Denn bei Auslegung der Klausel stellt sich die Frage, worin aus Sicht des Verbrauchers eine „individuelle Kundenberatung“ bestehen soll in Bezug auf einen Verbraucher, der im ungünstigsten Fall bereits seit fast zwei Jahren nicht mehr vertraglich mit der Beklagten verbunden ist, d.h. gar nicht mehr Kunde der Beklagten ist und der aller Wahrscheinlichkeit nach zu diesem Zeitpunkt längst Kunde eines Wettbewerbers der Beklagten geworden ist. Mangels Bestehens einer Kundenbeziehung zwischen der Beklagten und dem „Kunden“ nach Beendigung des Vertrages ist unklar, worauf sich eine „individuelle Kundenberatung“, in die der Kunde einwilligen soll, noch beziehen kann.
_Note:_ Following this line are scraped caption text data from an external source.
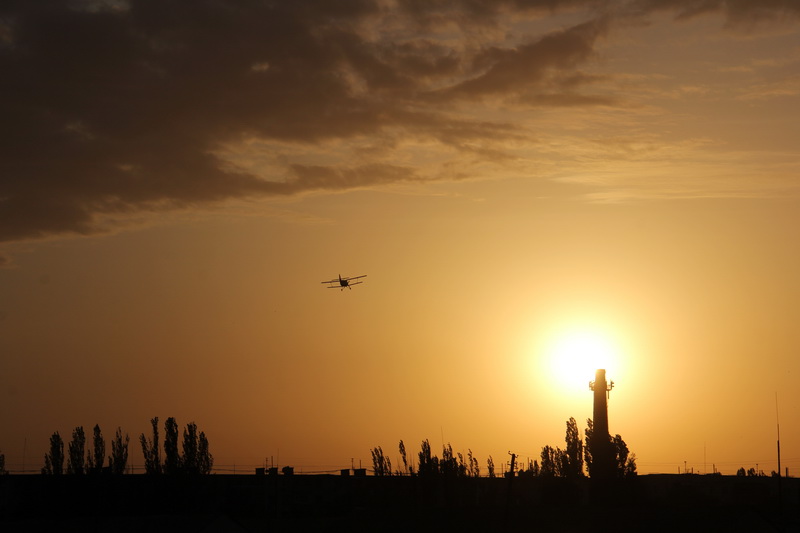 В Феодосии стартовал фестиваль «Воздушное братство»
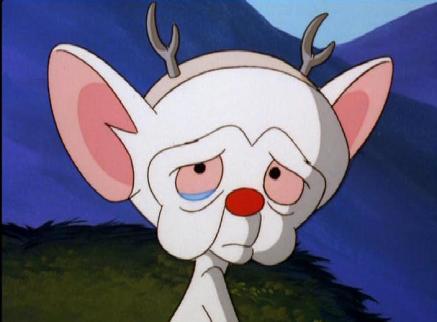 Brain-pinky-and-the-brain-241790_437_322.jpg
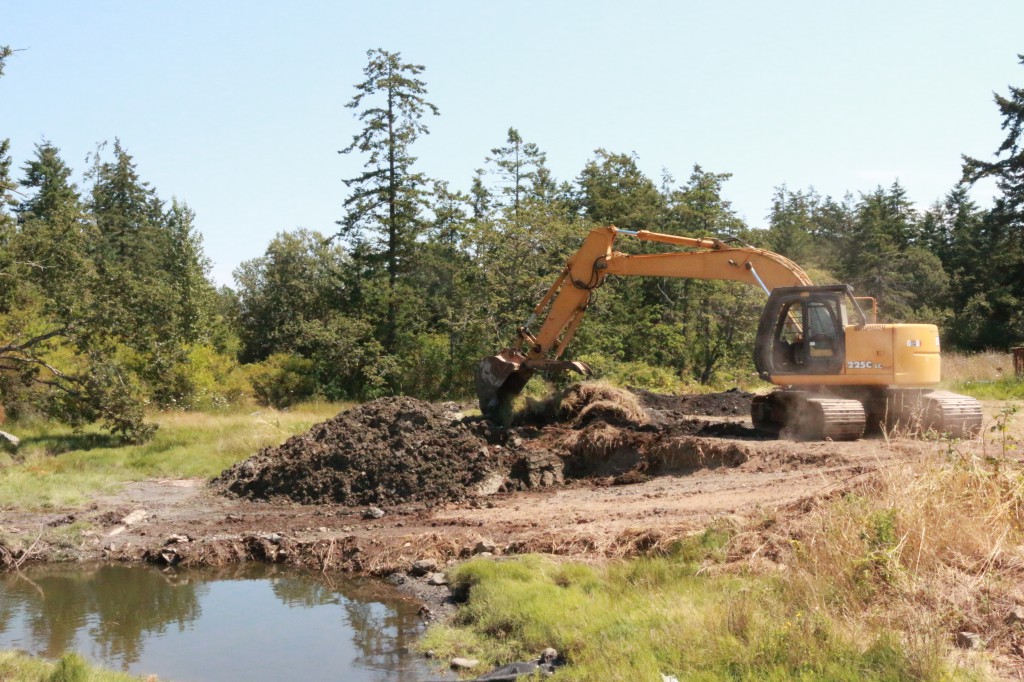 Tseycum Pay Bay Restoration (3)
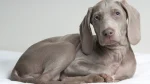 Weimaraner Dog photo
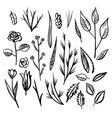 floral designs detail sketch vector image vector image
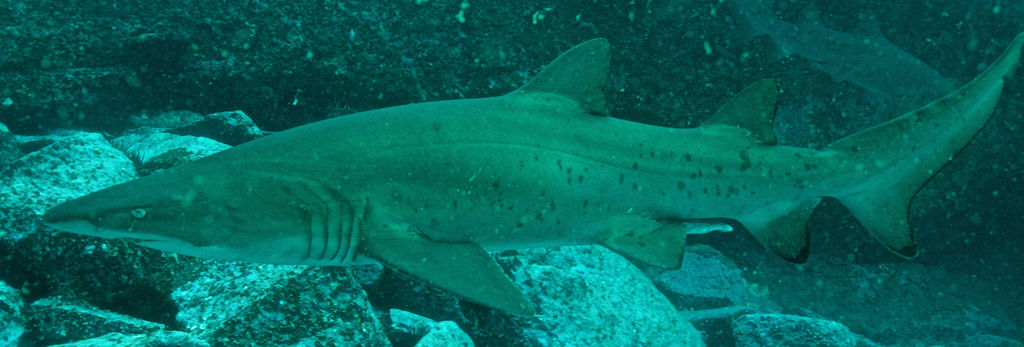 6030efcc-a447-45c8-8808-20baf731f8e0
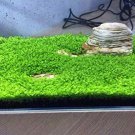 100 seeds Aquarium Plant Aquarium Water Seed Easy Growing Plant Grass Seed Fish Tank Lawn Decor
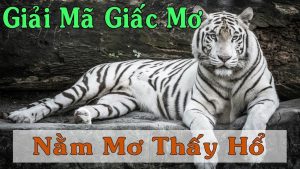 Mơ thấy hổ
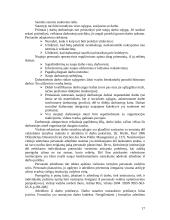 Personalo organizavimas Šiaulių apskrities valstybinėje mokesčių inspekcijoje 17 puslapis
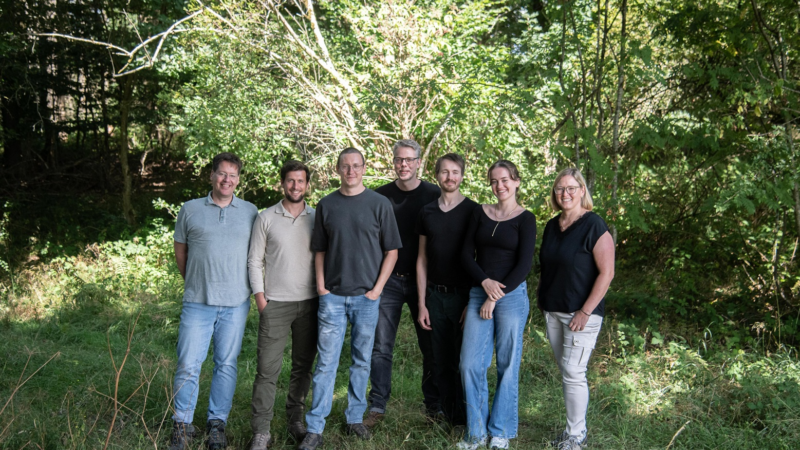 SAUBER ENERGIE zertifiziert alle Stromtarife mit Grüner Strom-Label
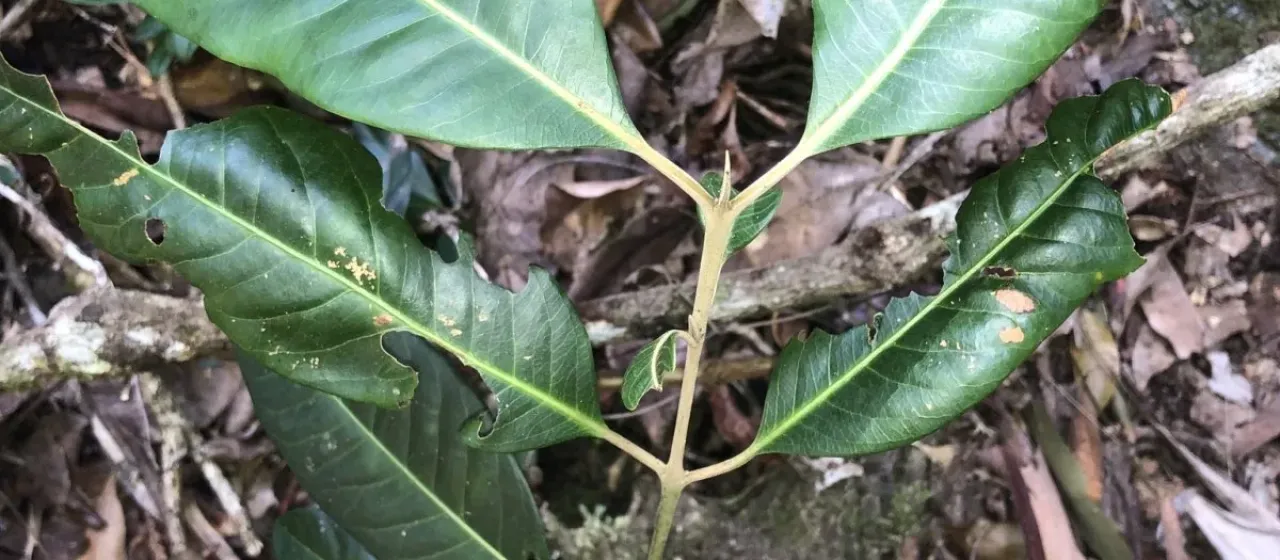 Rhodomyrtus psidioides
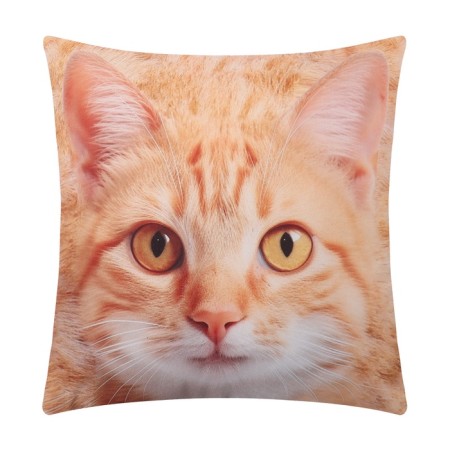 Decorative pillow "Ryzhik"-2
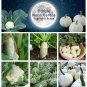 Moon Garden White Vegetable Seed Collection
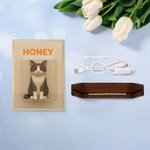 Personlig Rolig 3D tecknad karaktär Foto Akryl LED nattlampa med träbas och titel Heminredning Födelsedagspresent för husdjursälskare Familj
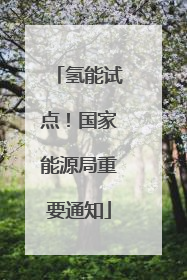 氢能试点！国家能源局重要通知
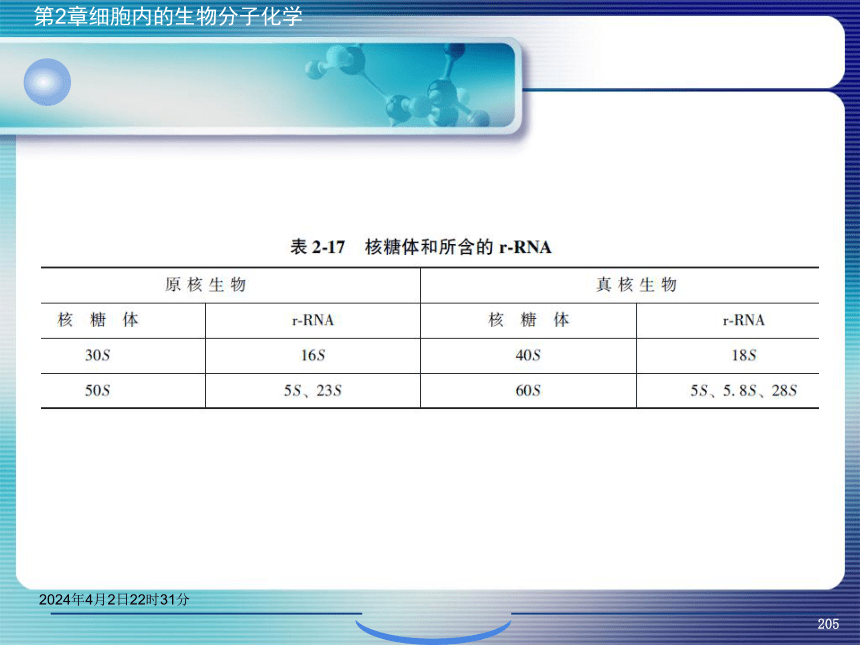 2.5核酸化学 课件(共47张PPT）- 《环境生物化学》同步教学（机工版·2020）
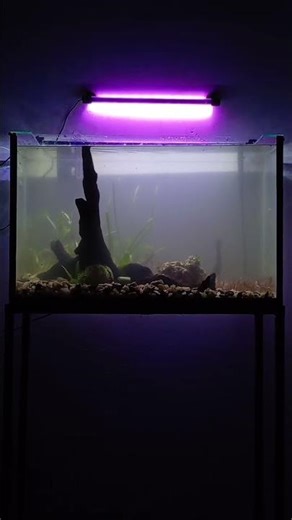 new setap🐠🦐🐌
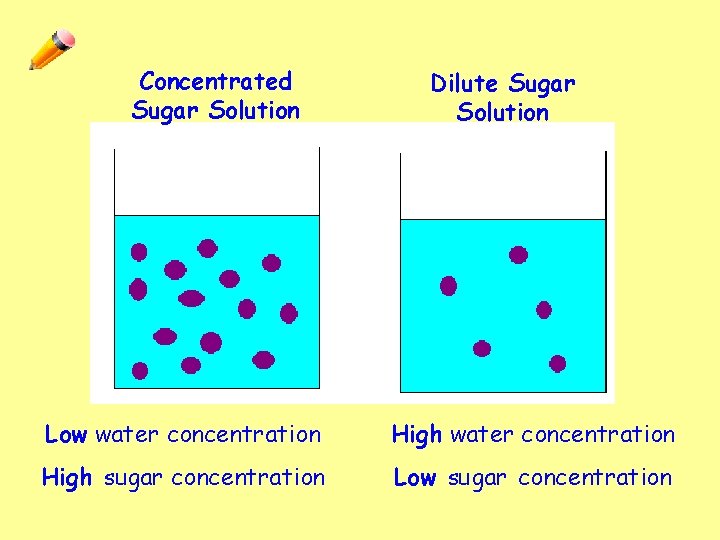 Concentrated Sugar Solution Dilute Sugar Solution Low water concentration High sugar concentration Low sugar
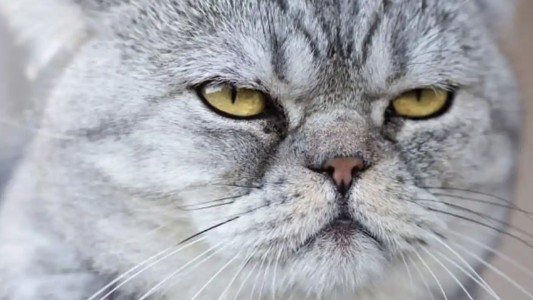 Por qué los gatos se comportan así: 10 curiosidades científicas sobre los felinos domésticos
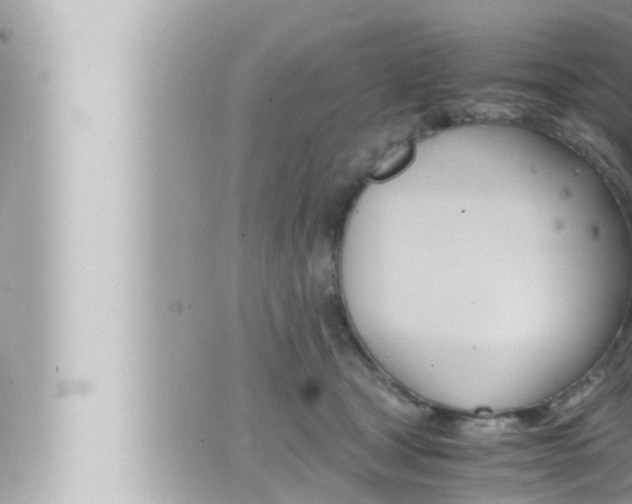 X0000066520465200603170954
Der Begriff der „individuellen Kundenberatung“, der für sich bereits keinen fest umrissenen Inhalt oder Umfang hat, mag zwar bei einem bestehenden Vertragsverhältnis und bei einer bestehenden Kundenbeziehung Beratungsleistungen in Bezug auf das konkrete Vertragsverhältnis meinen und in dieser Weise vom Kunden verstanden werden. Jedenfalls bei einem Verbraucher, der seit fast zwei Jahren nicht mehr in einer Kundenbeziehung zur Beklagten steht, fehlt jedoch jeglicher Anknüpfungspunkt für eine „individuelle Kundenberatung“.

Der einwilligende Kunde kann mithin nicht wissen, was die Beklagte mit „individueller Kundenberatung“ nach Beendigung des Kundenverhältnisses meint. Soweit der Verbraucher nicht überschaut, wozu, also auf welche Produkte und Dienstleistungen er mit seiner Erklärung zu einer wie auch immer zu verstehenden „individuellen Kundenberatung“ – auch unter Rückgriff auf umfangreiche Vertrags- und Kontodaten – noch fast zwei Jahre nach Beendigung des Vertrages einwilligt, fehlt es jedenfalls an einer Einwilligung „in Kenntnis der Sachlage“.

Ob die Zusammenfassung verschiedener Kommunikationskanäle in einer Einwilligung oder deren Geltungsdauer sowie die konkrete Platzierung der Einwilligungserklärung Auswirkungen auf die Zu- bzw. Unzulässigkeit der Einwilligungserklärung haben, braucht danach vorliegend nicht entschieden zu werden.

3. Die Kostenentscheidung beruht auf § 91 ZPO. Die Entscheidung über die vorläufige Vollstreckbarkeit beruht auf §§ 708 Nr. 10, 711 ZPO.

4. Die Revision wird wegen der bundesweiten Verwendung der AGB-Klausel durch die Beklagte als Marktführer im Bereich der Telekommunikation und der sich daraus ergebenden grundsätzlichen Bedeutung zugelassen.

Der Streitwert für das Berufungsverfahren wird auf 3.000 EUR festgesetzt.